Initiative Sees Role for Advisors in Combating Overtourism
by Marilee Crocker /In a week when overcrowding on Mount Everest made headlines and thousands of protestors demanded that Venice ban cruise ships from its lagoon, Travel Leaders Group announced a timely initiative to address overtourism and called on travel advisors to be part of the solution.
“We’re all about delivering niche experiences that exceed our customers’ expectations. That’s what keeps them coming back to you and builds that lifetime loyalty. So, ensuring that those will be great experiences where you’re not jostling for space is really important,” Travel Leaders Group CEO Ninan Chacko, CTC, told attendees at the annual conference of Travel Leaders Network in Maryland on Saturday.
Travel Leaders’ multifaceted overtourism project, which got underway in January, involves an ongoing partnership with New York University (NYU) to study the nature of the problem and potential solutions. So far, NYU students have mapped overtourism hotspots; analyzed 41 case studies; and developed an index that destinations can use to measure overtourism.
Travel Leaders Group also plans to work with destinations on responses to overtourism, and to initiate travel advisor education and consumer outreach and marketing. “We’re at the first innings of a long journey,” Chacko told journalists.
Agents and DMOs are feeling it, too
Chacko noted overtourism’s many harmful consequences, beyond its impact on the traveler experience – from damage to the environment and local cultures, to socioeconomic issues such as prostitution, diminished housing stock due to the growth of alternative lodging, and cities simply becoming “unlivable for locals.”
Travel advisors said they, too, are feeling the impact. In a survey of Travel Leaders Group agents, more than half (56%) said they were hearing more complaints from clients about overtourism. Most respondents (77%) said they supported solutions such as hourly restrictions on visitors at popular attractions, while half supported instituting fees to control overcrowding.
A survey of 15 destination marketing organizations found that fully 80% had experienced issues with overtourism. About half of DMOs said they had acted to address those issues, including by educating travel advisors on less-visited areas and seasons when traffic is lighter.
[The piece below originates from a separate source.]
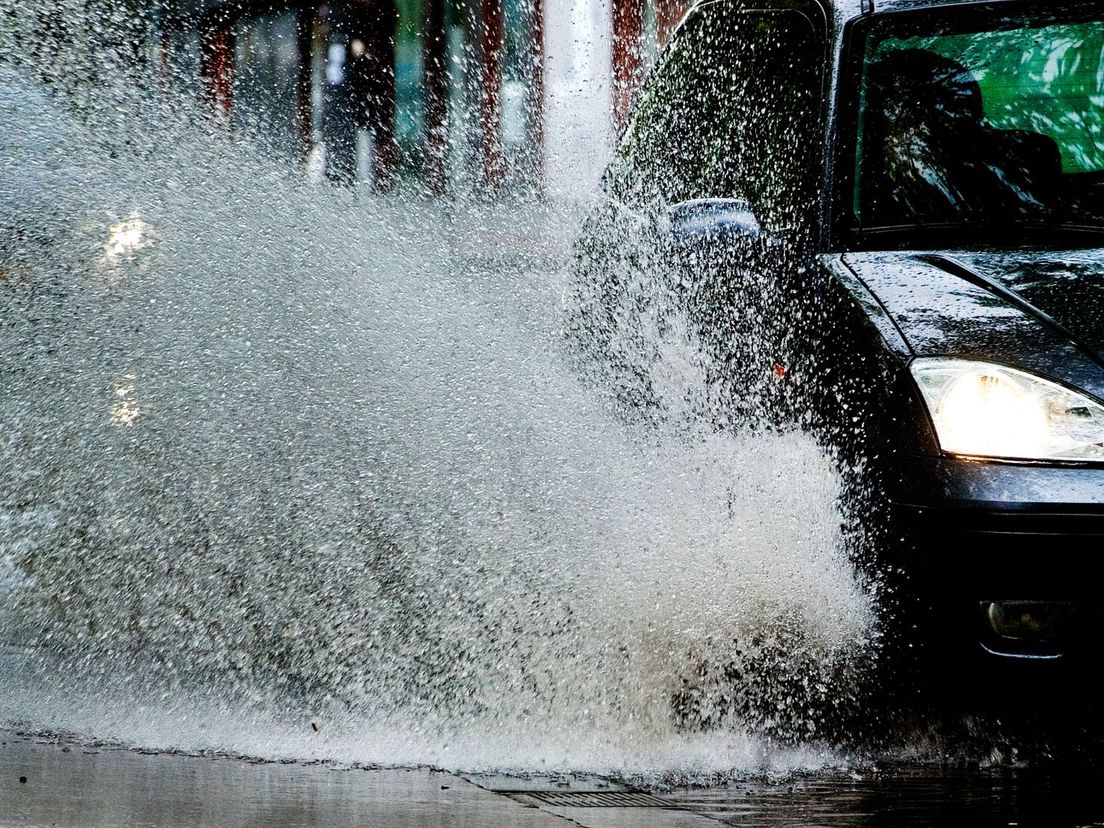 Waarschuwing voor onweersbuien code geel RTV Drenthe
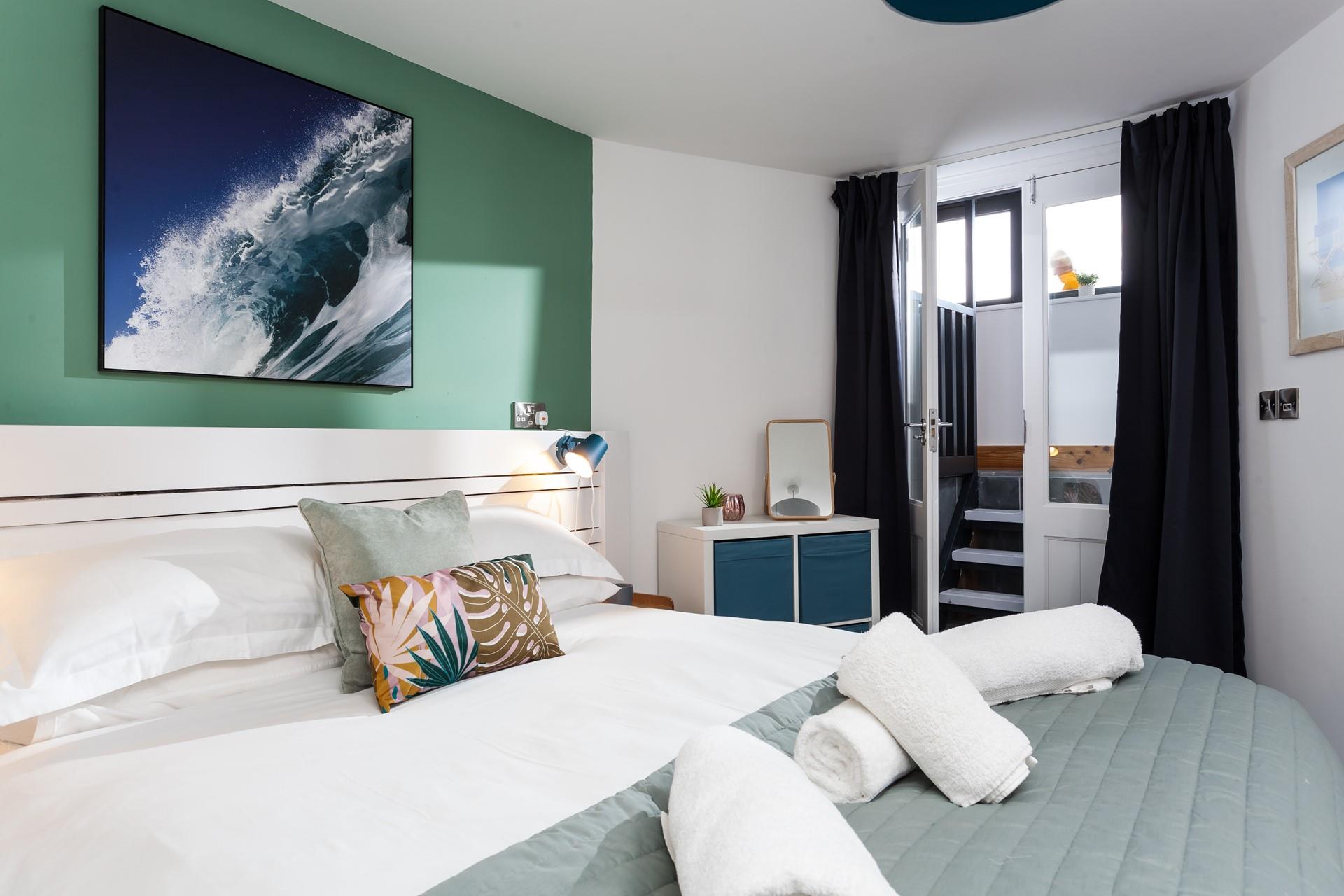 Take your soft white towels into the en suite for an invigorating morning shower.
Finding practical solutions
Solutions will need to balance the hunger for continued economic growth from tourism and the growing desire for travel with the need to stem overtourism’s negative impacts, Chacko said.
Potential responses identified by the initial research include measures to control volume, such as timed entry and limited entry; using pricing as a disincentive; developing and promoting alternative destinations; and encouraging travel during off-seasons.
Chacko emphasized the importance of shifting away from mass marketing to more targeted marketing that speaks to specific consumer segments and interests.
While none of these solutions is particularly revolutionary, it’s important to take a comprehensive look at the issue, Chacko said. He noted that any effective response will require a collaborative effort, given the many players in the tourism industry.
Education, advice, support
As the project advances, Travel Leaders will distill what it learns into education, advice and marketing support for its travel advisors and their customers in an effort to open their eyes to the issues, the visitor rewards of alternative experiences and destinations, and the positive impact choosing such options can have, Chacko said.
In the general session, the Travel Leaders executive told attendees they have a role in combatting overtourism. “It really plays on the expertise of you as travel advisors to figure out how we can start to shift some of this demand, to find alternative destinations that offer that same sense of authentic discovery, but also to shift travel dates towards periods that are not quite as busy.”
The need to address overtourism is critical, he said. “At the pace we’re going, this is going to result in an even more acute situation, not five years from now [but] in the next six to 12 months.”